- **Work request**: Output every entry exactly, without any pictures.

(Web page caption snippets)
########################################
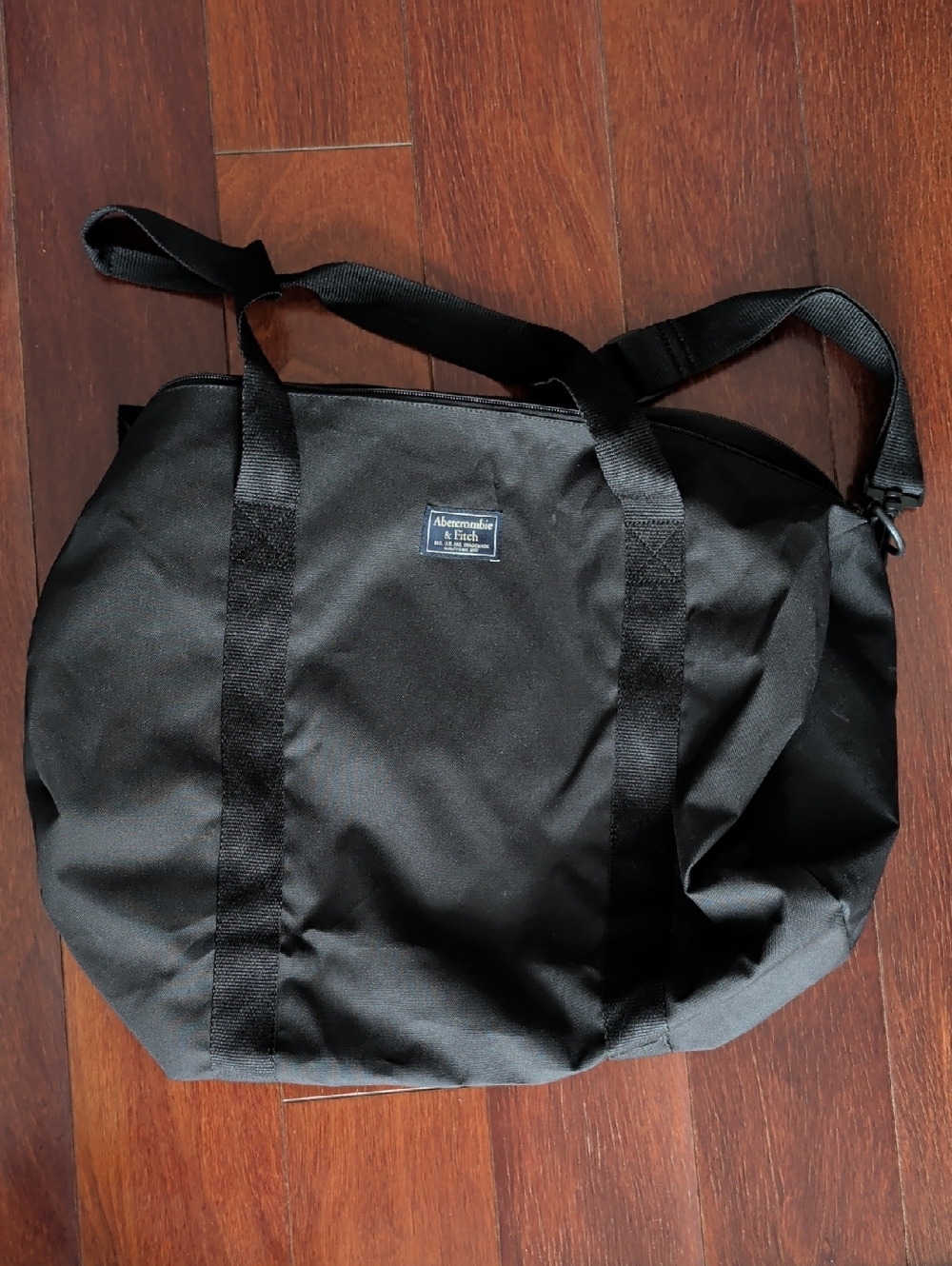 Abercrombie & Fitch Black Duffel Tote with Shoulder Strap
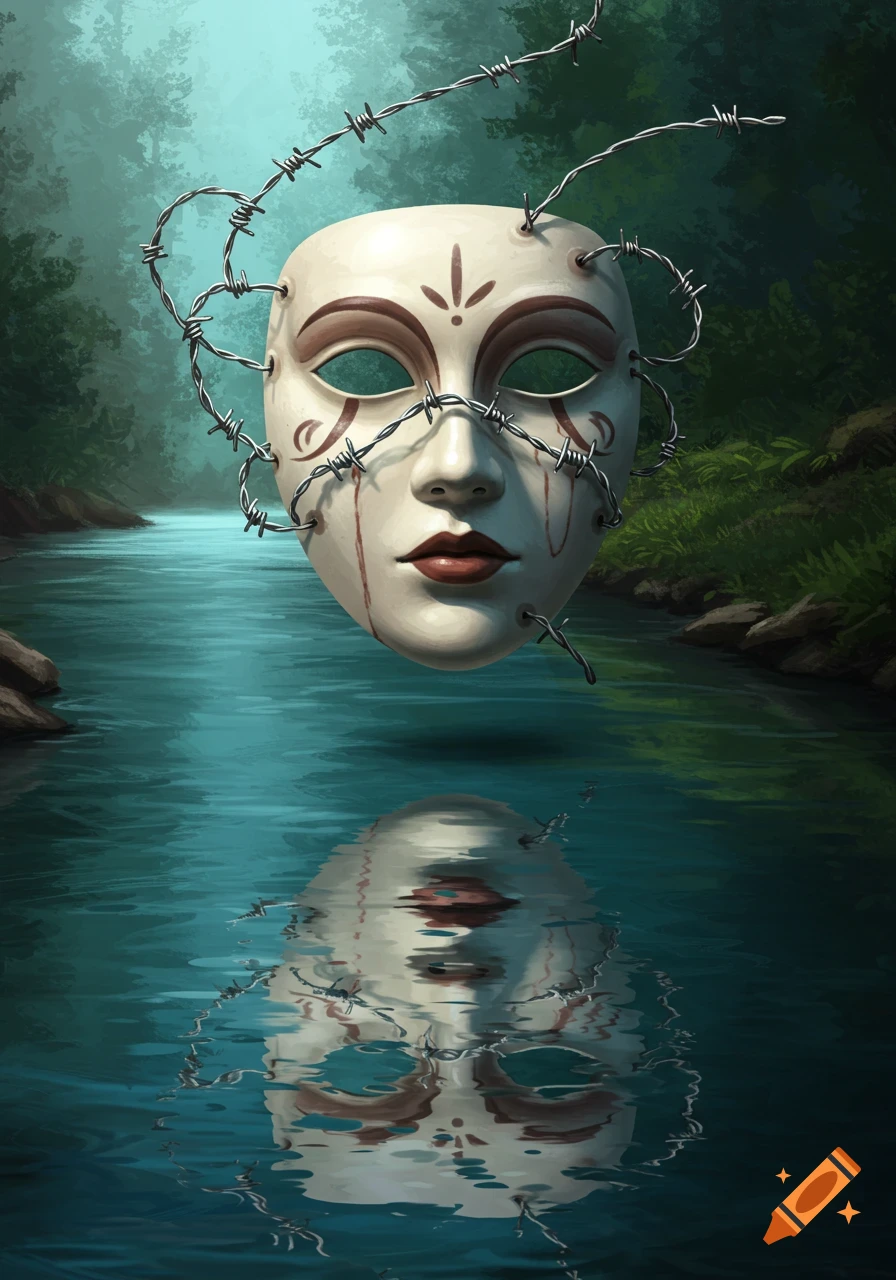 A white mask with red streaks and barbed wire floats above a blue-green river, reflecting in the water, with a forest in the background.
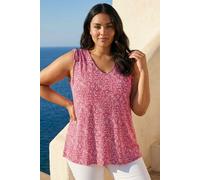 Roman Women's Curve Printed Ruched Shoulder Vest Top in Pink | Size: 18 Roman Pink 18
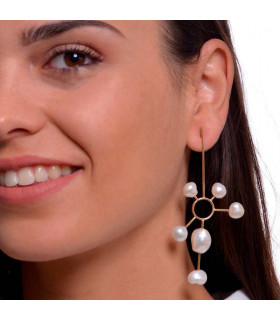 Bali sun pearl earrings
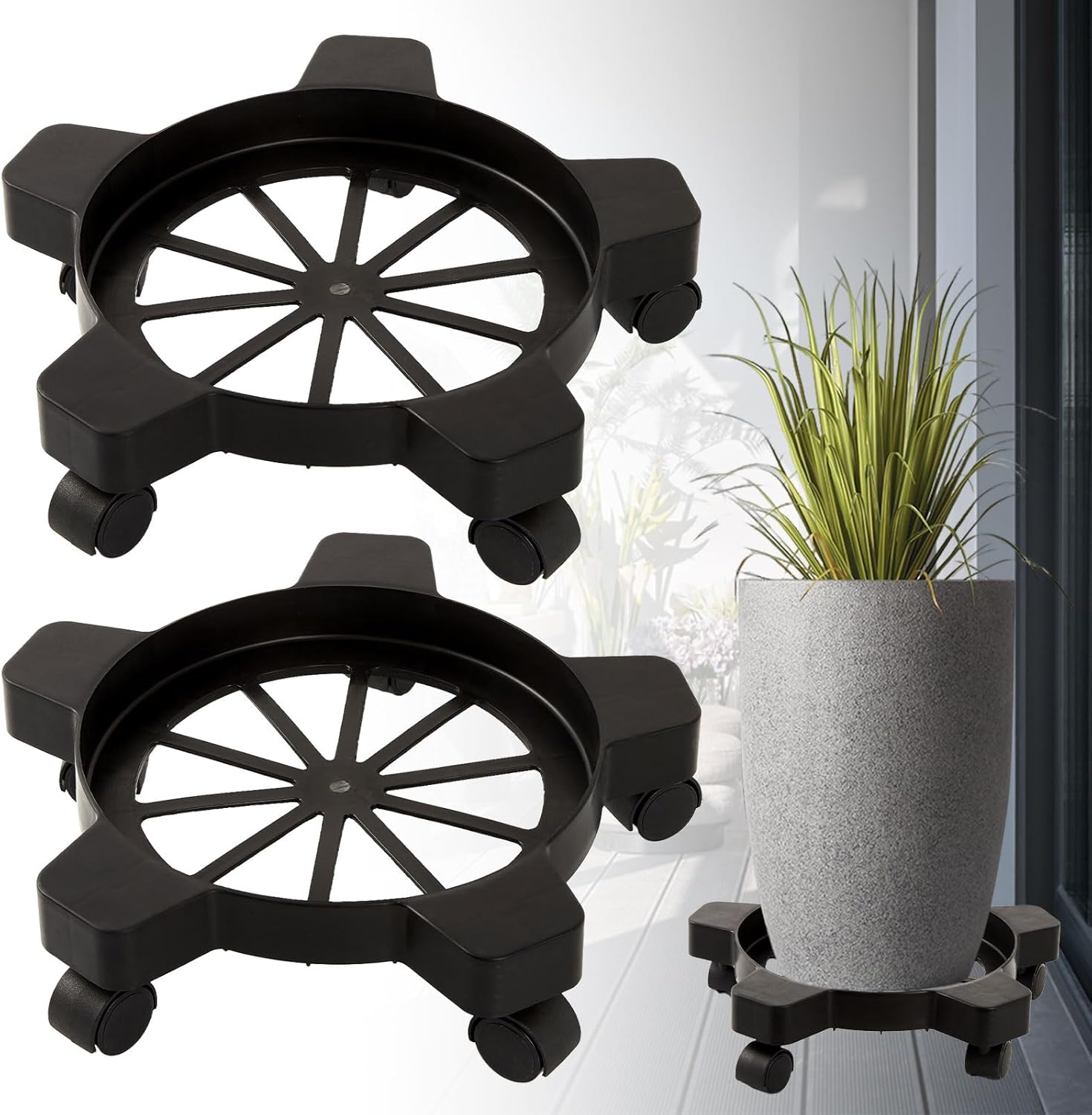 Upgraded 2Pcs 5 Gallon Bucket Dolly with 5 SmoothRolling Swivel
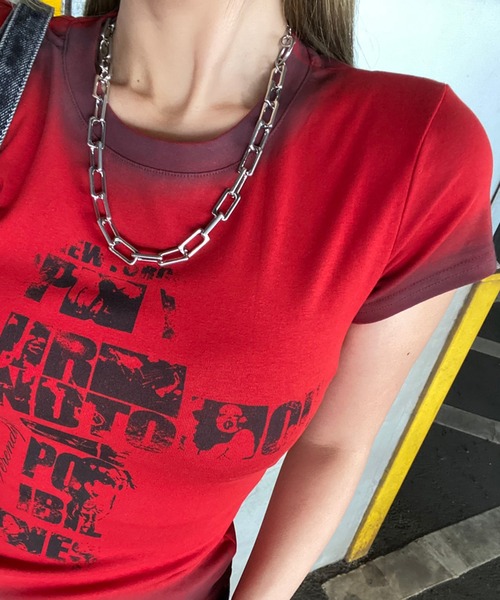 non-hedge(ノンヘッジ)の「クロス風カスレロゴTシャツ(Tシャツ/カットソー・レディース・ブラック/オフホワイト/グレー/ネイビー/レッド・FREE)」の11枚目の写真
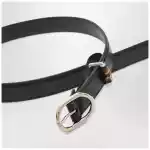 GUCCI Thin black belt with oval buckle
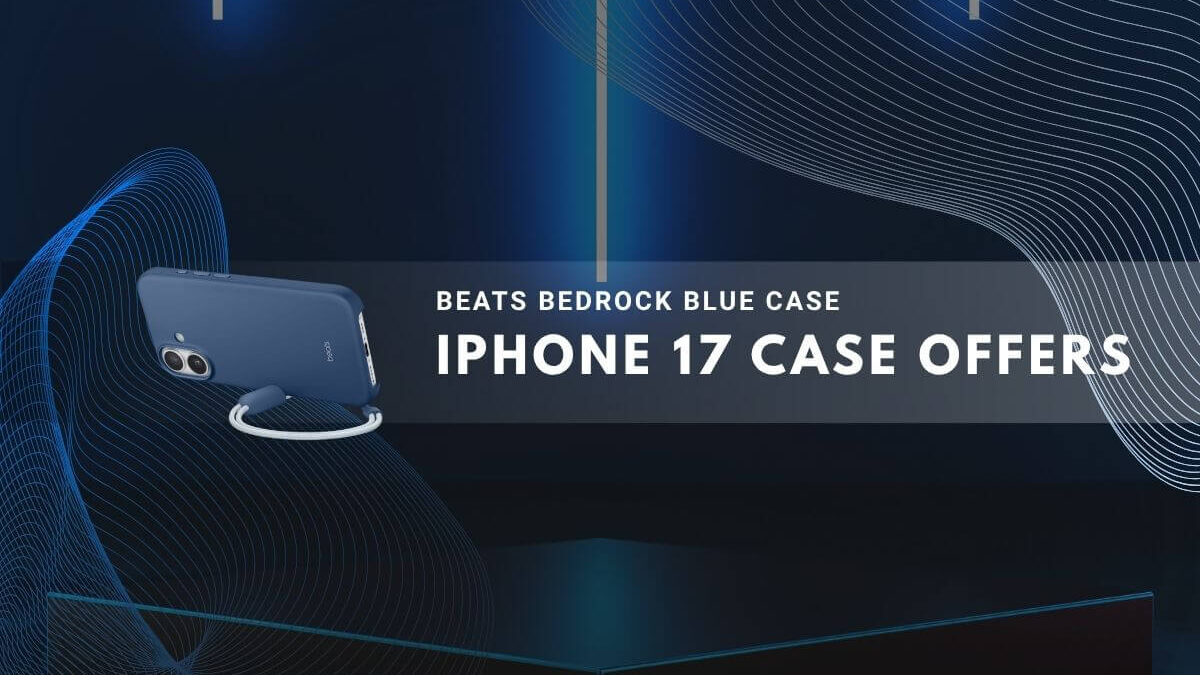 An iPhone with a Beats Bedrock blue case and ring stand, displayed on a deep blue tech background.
########################################
- **Solution**:
 Abercrombie & Fitch Black Duffel Tote with Shoulder Strap
 A white mask with red streaks and barbed wire floats above a blue-green river, reflecting in the water, with a forest in the background.
 Roman Women's Curve Printed Ruched Shoulder Vest Top in Pink | Size: 18 Roman Pink 18
 Bali sun pearl earrings
 Upgraded 2Pcs 5 Gallon Bucket Dolly with 5 SmoothRolling Swivel
 non-hedge(ノンヘッジ)の「クロス風カスレロゴTシャツ(Tシャツ/カットソー・レディース・ブラック/オフホワイト/グレー/ネイビー/レッド・FREE)」の11枚目の写真
 GUCCI Thin black belt with oval buckle
 An iPhone with a Beats Bedrock blue case and ring stand, displayed on a deep blue tech background.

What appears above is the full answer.